Further along there was another young dog, about the same age as the last, and not far off the age of our own two, but this one a frisky, friendly, beautiful Weimaraner. And Jack and Jill romped about with him, as well. It was clear that the heat was getting to this dog, given his companion informed us, to allergies and food fastidiousness, somewhat like Jackie who will occasionally refuse his breakfast kibble, then pick up detritus non-stop during our walk in the woods.

Next up was an overweight, fourteen-year-old, cranky Corgi who did her best to evade the nuisance of having to introduce herself grudgingly to two impertinent little dogs who should have known their place but obviously do not.

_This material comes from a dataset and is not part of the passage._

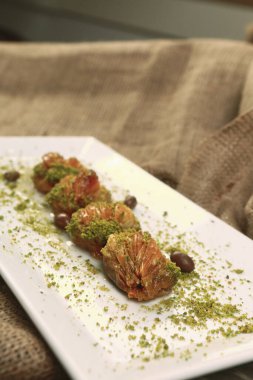 Geleneksel hindistancevizli tatlı baklavası. Ev yapımı fındıklı ve ballı baklava..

We most certainly empathized with her. It was clear she was impatient to move on with her human beyond the reach of such wretchedly nasty little black imps, devilishly perturbing the placidity of her day.


Before long, a pack of dogs approached behind us as we cleared one of the bridges leading from the woods to a bit of a clearing before the trail dipped back into the woods once again. Three muscular and beautifully conformed hounds were first, and trailing them in this group was a mixed collie, and a German-shepherd mix. Ambling along behind, to make up a half-dozen, was a bull mastiff. We knew slightly the man with the bull mastiff.


The others we've never really spoken with, other than a brief greeting; and it is they, a young man and woman, who walk the other five dogs, and all of them go wherever it pleases them, none on leash. Which is reasonable enough with well-behaved dogs when their walkers are able to see what they're doing at all times, and maintain control. We've come across them a half-dozen times or so over the months since late winter and have never had any problem with them.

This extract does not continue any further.